* [WHAT THE EXERCISE ASKS] As the lines appear below, please set them down exactly, starting at the first and finishing with the one containing "The neck doesn't".

* [SUPPLIED DATA]
──────────
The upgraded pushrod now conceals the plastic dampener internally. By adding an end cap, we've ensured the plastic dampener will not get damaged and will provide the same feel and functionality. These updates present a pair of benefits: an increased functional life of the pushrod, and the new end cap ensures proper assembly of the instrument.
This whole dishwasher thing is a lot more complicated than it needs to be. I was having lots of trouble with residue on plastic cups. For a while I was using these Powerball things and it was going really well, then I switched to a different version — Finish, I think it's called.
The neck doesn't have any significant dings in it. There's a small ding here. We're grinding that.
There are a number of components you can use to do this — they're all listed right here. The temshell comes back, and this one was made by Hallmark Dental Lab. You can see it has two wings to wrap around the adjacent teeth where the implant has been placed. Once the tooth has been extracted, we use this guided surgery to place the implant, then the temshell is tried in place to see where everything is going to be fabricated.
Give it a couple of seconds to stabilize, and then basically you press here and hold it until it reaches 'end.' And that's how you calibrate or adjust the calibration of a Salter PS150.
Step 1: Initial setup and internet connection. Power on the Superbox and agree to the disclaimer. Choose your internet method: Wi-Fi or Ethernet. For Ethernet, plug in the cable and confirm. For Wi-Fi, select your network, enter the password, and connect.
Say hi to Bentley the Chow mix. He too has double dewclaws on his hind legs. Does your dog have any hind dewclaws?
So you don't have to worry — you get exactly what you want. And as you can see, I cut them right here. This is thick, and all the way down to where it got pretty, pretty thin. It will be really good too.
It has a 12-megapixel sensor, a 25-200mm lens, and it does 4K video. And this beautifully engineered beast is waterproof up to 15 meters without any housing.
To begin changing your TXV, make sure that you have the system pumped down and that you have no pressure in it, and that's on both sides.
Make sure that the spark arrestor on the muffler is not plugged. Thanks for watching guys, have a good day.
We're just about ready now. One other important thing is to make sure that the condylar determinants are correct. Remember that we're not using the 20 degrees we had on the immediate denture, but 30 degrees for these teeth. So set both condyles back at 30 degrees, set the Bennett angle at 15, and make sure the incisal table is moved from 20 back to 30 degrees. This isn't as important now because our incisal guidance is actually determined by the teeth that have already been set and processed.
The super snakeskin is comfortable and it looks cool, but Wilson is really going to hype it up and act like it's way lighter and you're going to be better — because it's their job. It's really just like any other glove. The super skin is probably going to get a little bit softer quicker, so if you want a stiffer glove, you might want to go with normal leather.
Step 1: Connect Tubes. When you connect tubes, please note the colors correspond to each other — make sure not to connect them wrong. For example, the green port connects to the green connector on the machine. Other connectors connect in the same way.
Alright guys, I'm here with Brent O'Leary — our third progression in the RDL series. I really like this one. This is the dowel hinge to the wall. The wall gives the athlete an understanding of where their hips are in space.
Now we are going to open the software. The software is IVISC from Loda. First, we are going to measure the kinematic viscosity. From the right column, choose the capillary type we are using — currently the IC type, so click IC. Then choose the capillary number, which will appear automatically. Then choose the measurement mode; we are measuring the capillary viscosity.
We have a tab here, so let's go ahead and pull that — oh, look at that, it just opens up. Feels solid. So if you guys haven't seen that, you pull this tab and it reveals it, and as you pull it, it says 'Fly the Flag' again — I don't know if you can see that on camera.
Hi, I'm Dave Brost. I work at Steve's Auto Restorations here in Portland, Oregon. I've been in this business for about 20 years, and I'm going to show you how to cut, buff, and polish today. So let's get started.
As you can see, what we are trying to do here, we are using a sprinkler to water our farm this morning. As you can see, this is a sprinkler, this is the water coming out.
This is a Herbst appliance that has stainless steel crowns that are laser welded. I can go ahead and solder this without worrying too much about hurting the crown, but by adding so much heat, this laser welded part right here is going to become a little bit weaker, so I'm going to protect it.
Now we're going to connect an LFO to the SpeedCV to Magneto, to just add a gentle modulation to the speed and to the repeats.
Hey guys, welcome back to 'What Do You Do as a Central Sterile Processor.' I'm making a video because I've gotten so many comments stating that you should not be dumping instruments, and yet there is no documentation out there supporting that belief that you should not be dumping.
──────────
* [COMPLETED EXERCISE]
The upgraded pushrod now conceals the plastic dampener internally. By adding an end cap, we've ensured the plastic dampener will not get damaged and will provide the same feel and functionality. These updates present a pair of benefits: an increased functional life of the pushrod, and the new end cap ensures proper assembly of the instrument.
This whole dishwasher thing is a lot more complicated than it needs to be. I was having lots of trouble with residue on plastic cups. For a while I was using these Powerball things and it was going really well, then I switched to a different version — Finish, I think it's called.
The neck doesn't have any significant dings in it. There's a small ding here. We're grinding that.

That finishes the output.